Crítica | São Bernardo
Parte integrante do movimento Cinema Novo, São Bernardo trata da história de Paulo Honório, um mascate que habita o sertão de Alagoas e negocia gado e toda sorte de coisas. A obra de Leon Hirszman mostra o personagem de Othon Bastos tentando de todos os meios, inclusive antiéticos, para adquirir a fazenda que dá nome ao filme, local este onde havia trabalhado quando criança.
O filme começa com um coro de sons indistinguíveis, que simbolizam a confusão mental de Honório, um homem violento, machista e autoritário, com dificuldades claras de convivência. Sua postura autossuficiente esconde um modo de pensar e viver bastante miserável, aquém dos próprios delírios de grandeza que ele nutre.
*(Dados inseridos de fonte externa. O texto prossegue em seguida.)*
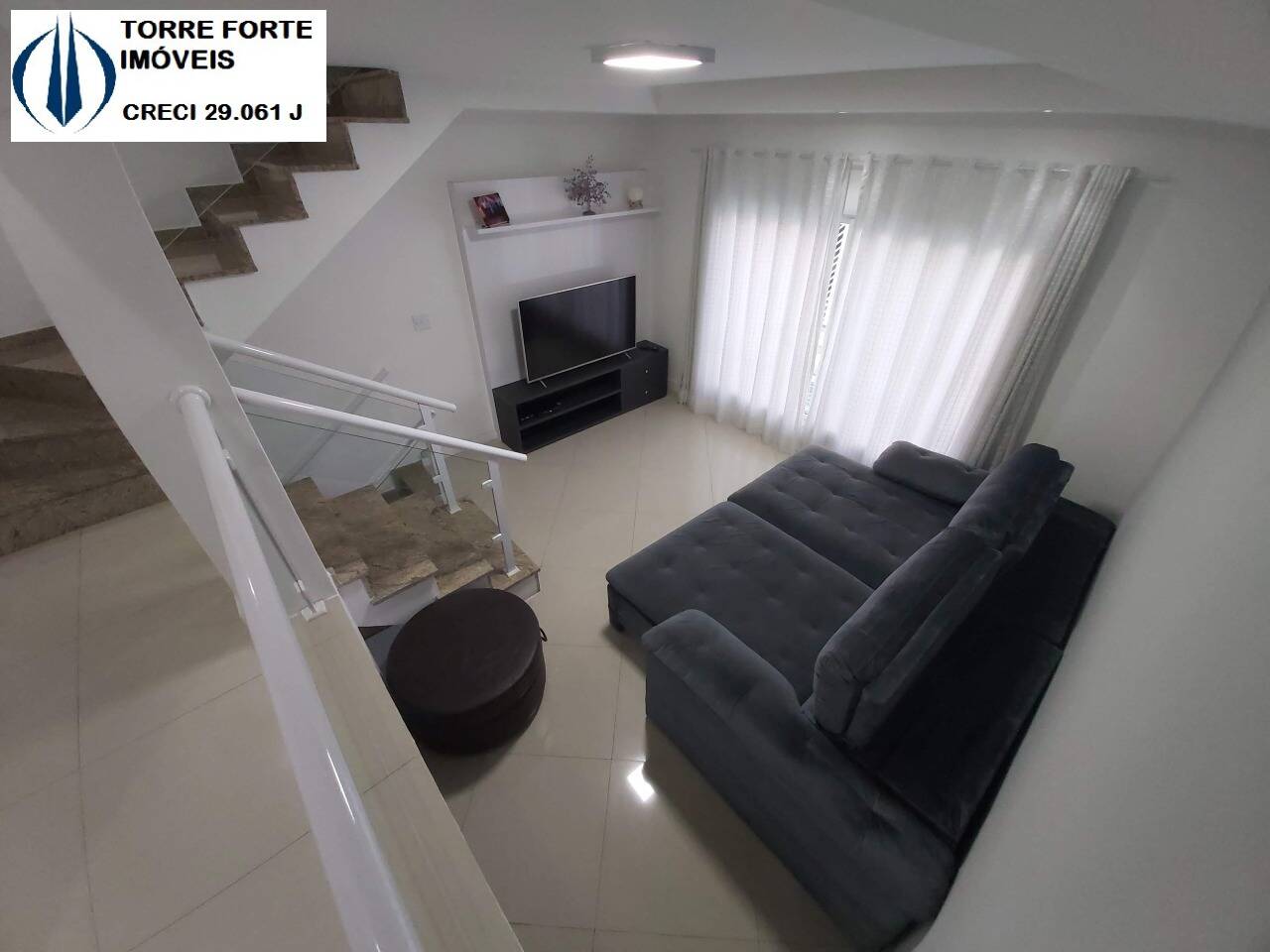 Casa à venda com 4 quartos, 301m² - Foto 2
O roteiro é uma adaptação de um dos grandes clássicos da literatura nacional, São Bernardo, de Graciliano Ramos, e tanto Hirszman quanto Bastos conseguiram capturar bem a essência do romance, não só em mostrar a jornada do protagonista e todo o contexto político-social da obra, mas também nos demais personagens, em especial, Madalena de Isabel Ribeiro, uma professora de pensamento e atitudes progressistas entrando em conflito direto com o conservadorismo de Honório. Os dois se casam, apesar de não combinarem em praticamente nada.
O gerenciamento da fazenda torna seu proprietário próspero, mas sempre causando temor em qualquer pessoa que se relacione com ele. Suas sensações e obsessões de controle se chocam com o ideal que Madalena tem para si, e o texto se desenvolve muito bem nos conflitos. Hirzman não aborda de maneira óbvia as contradições de uma relação, e a estética empregada pelo cineasta faz o filme parecer uma declamação, tanto pela narração do ator, que revela o pensamento torto, sexista e moralista, quanto suas expressões corporais, que deixa claro ser um sujeito que parece estar sempre prestes a explodir.
A postura turrona de Paulo esconde mal sua real face. Além da índole estranha se percebe a fragilidade de seu caráter e até de sua auto imagem. O comportamento possessivo de fato tem a ver com o receio de ficar sozinho, e acaba resultando em uma vaidade que faz até quem está perto se afastar.
Sua incompreensão também ajuda que ele seja um pária em casa, mesmo sendo bem-sucedido financeiramente, e ajudam a formar nele a postura de um sujeito paranoico. Isso resulta em fracasso até no mais banal de seus desejos, visto que até a paternidade, que lhe parecia natural lhe é negada. Sua esposa, que deveria ser sua protegida, adoece da dor da rejeição e da falta cuidados sentimentais básicos, pois não é tratada como um ser humano, e sim como mais uma propriedade.
São Bernardo trata de questões candentes até os dias atuais, demonstrando a atualidade do texto de Ramos e da adaptação de Hirszman. O personagem de Othon é diferenciado, um explorador consciente de seu poder e ainda assim impotente no campo sentimental.